Just got one, 1hr block :/ better than nothing I guess


----------



## JapanFour (Mar 8, 2016)

ive been getting 4 hour blocks every morning that I am available for it. It looks like this location only gives out 4 hour morning blocks in the morning with the occasional 1-2 hour block after noon.

the blocks seem to consistently appear within the 6-630 am time range.


----------



## LLXC (Nov 22, 2016)

RGV said:


> Hmm, try this: let say, you want the 12pm block for tomorrow, you should start refreshing at 12pm "sharp" today (for a few minute, if it doesn't work then your warehouse has different tactic).


As a reference point, for my area, we don't see 24 hour drops.


----------



## JapanFour (Mar 8, 2016)

what i have noticed about riverside, is that reserves pop up in the after noon. All daily blocks pop up in the morning. The rest is very seldom.


----------



## amazonflexguy (Nov 19, 2016)

We have 4pm and,even 445 blocks in riverside everyday. 3 and 4 hour blocks. Your seeing the morning blocks because there is a lot of them and not so much for the pm blocks


----------



## JapanFour (Mar 8, 2016)

amazonflexguy said:


> We have 4pm and,even 445 blocks in riverside everyday. 3 and 4 hour blocks. Your seeing the morning blocks because there is a lot of them and not so much for the pm blocks


around what time do you see these 4pm blocks?


----------



## JapanFour (Mar 8, 2016)

anyone have problems with logging into amazon flex this morning. Literally right when they release blocks my password didnt work for a brief moment.


----------



## Caliblk22 (Dec 25, 2016)

I just signed up last Tuesday and background &a welcome to flex came Wednesday. I made two trips so far. 

i like this job as a side hustle. I know at the riverside warehouse, going from the bottom rack to the top will help you so much when it comes to sorting and delivering but I still don't understand getting blocks and do we receive tips? 

Is getting blocks sporadic in our area to or are there certain times where they will for sure show up like in the morning or afternoon?

I think riverside just prime, cause that what I have been delivering so far.


----------



## enigmaquip (Sep 2, 2016)

if you're doing actual prime and not .com logistics deliveries you might see tips.... but if you're seeing like 40+ packages you're doing the logistics side and no tips


----------



## Caliblk22 (Dec 25, 2016)

Oh ok thank you. I may be doing logistics then. I just assumed cause it said prime on the boxes and so far didn't have many boxes. Did receive $100 and $84 so far. 4 hour blocks

Sycamore Canyon Location by the DMV..is it going to slow down or are there going to be more blocks available?

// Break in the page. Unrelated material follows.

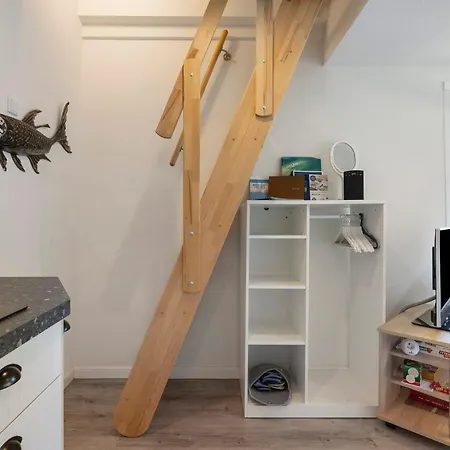 Ku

If blocks are going to be harder to come by, what time should we start refreshing the app?

I wasn't aware there were 2 amazon flex locations on sycamore Canyon on the opposite sides of each other. One by the DMV and the other by cactus.


----------



## SavageSvage (Nov 14, 2016)

Caliblk22 said:


> I wasn't aware there were 2 amazon flex locations on sycamore Canyon on the opposite sides of each other. One by the DMV and the other by cactus.


I wasn't aware either. I'm pretty sure there's only one.


----------



## SavageSvage (Nov 14, 2016)

Caliblk22 said:


> Sycamore Canyon Location by the DMV..is it going to slow down or are there going to be more blocks available?
> 
> If blocks are going to be harder to come by, what time should we start refreshing the app?

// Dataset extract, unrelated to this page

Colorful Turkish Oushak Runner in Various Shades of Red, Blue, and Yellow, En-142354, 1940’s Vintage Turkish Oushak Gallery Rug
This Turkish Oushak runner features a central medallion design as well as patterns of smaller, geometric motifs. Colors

Pretty sure it'll slow down a bit, blocks used to come out on the hour exactly an hour before pick up. Now it could be 2- 3hrs before at like 236 for a 4pm block or at 706 for a 8am block its all at random now..


----------



## Caliblk22 (Dec 25, 2016)

SavageSvage said:


> Pretty sure it'll slow down a bit, blocks used to come out on the hour exactly an hour before pick up. Now it could be 2- 3hrs before at like 236 for a 4pm block or at 706 for a 8am block its all at random now..





SavageSvage said:


> I wasn't aware either. I'm pretty sure there's only one.

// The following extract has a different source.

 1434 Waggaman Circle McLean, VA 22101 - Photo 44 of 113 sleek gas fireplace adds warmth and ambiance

I seen another amazon flex flag on cactus and if you know where the old fresh & easy warehouse use to be before the company closed down. It ALL amazon white vans. A huge parking lot full.

Ok thanks. I'll try that today.. I tried some suggestion about refreshing at 6 to 6:30...nothing lol. Yesterday was the first day I didn't see anything all day


----------



## SavageSvage (Nov 14, 2016)

Yeah i didnt see anything all day either and i was up since 5 refreshing till about 10..after that i said screw it, took a nap then went out to the movies lol


----------



## Apphussler (Dec 23, 2016)

SavageSvage said:


> Yeah i didnt see anything all day either and i was up since 5 refreshing till about 10..after that i said screw it, took a nap then went out to the movies lol


I worked on Saturday the 24th and one driver said that the faciltiy would not be delivering on Christmas and the following day Monday the 26th. That could be why no one saw anything yesterday.


----------



## Caliblk22 (Dec 25, 2016)

The other flex warehouse is prime where the fleet of vans are parked.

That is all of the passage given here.